Keyword Research: Finding the Right Terms to Target

8 min read·Updated March 2026

Why keyword research is essential

Keyword research is the process of finding what your potential customers are actually typing into search engines. Without it, you're guessing — and guessing usually means targeting terms that are either too competitive, too vague, or not what your audience cares about.

Good keyword research tells you: what topics to create content about, what language to use, and which pages to prioritize for optimization.

Understanding search intent

Search intent is the why behind a search query. Google heavily prioritizes matching intent. There are four types:

  • Informational — User wants to learn something: "what is core web vitals"
  • Navigational — User wants a specific site: "webmatik login"
  • Commercial — User is researching before buying: "best website audit tools 2026"
  • Transactional — User is ready to buy/act: "webmatik pricing" or "buy seo audit"

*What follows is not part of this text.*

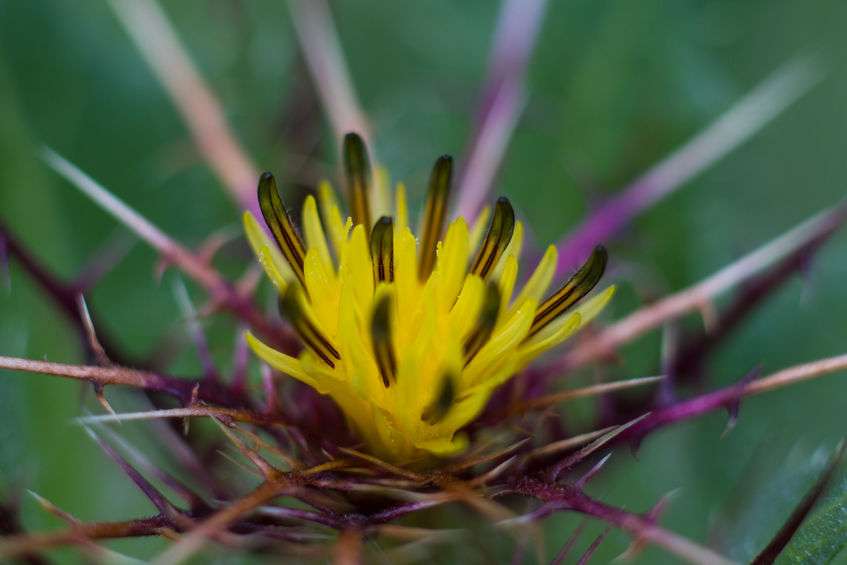Yellow, brown and purple flowering Blessed Thistle plant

Match your content type to the intent. A blog post works for informational queries; a product/pricing page works for transactional ones.

Tip

Look at the current top 10 results for a keyword. If they're all blog posts, Google expects informational content. If they're product pages, it expects transactional content. Match the format.

How to find keywords

Start with these methods:

  1. Seed keywords — List the main topics your business covers. These are your starting points.
  2. Google Autocomplete — Start typing your seed keyword in Google and note the suggestions.
  3. "People Also Ask" — The PAA box in search results shows related questions people are searching.
  4. Competitor analysis — Check what keywords your competitors rank for using tools like DataForSEO, Ahrefs, or SEMrush.
  5. Google Search Console — See what queries already bring impressions to your site (hidden gems you're not ranking well for yet).
  6. Customer questions — What do your customers ask in support tickets, sales calls, and reviews?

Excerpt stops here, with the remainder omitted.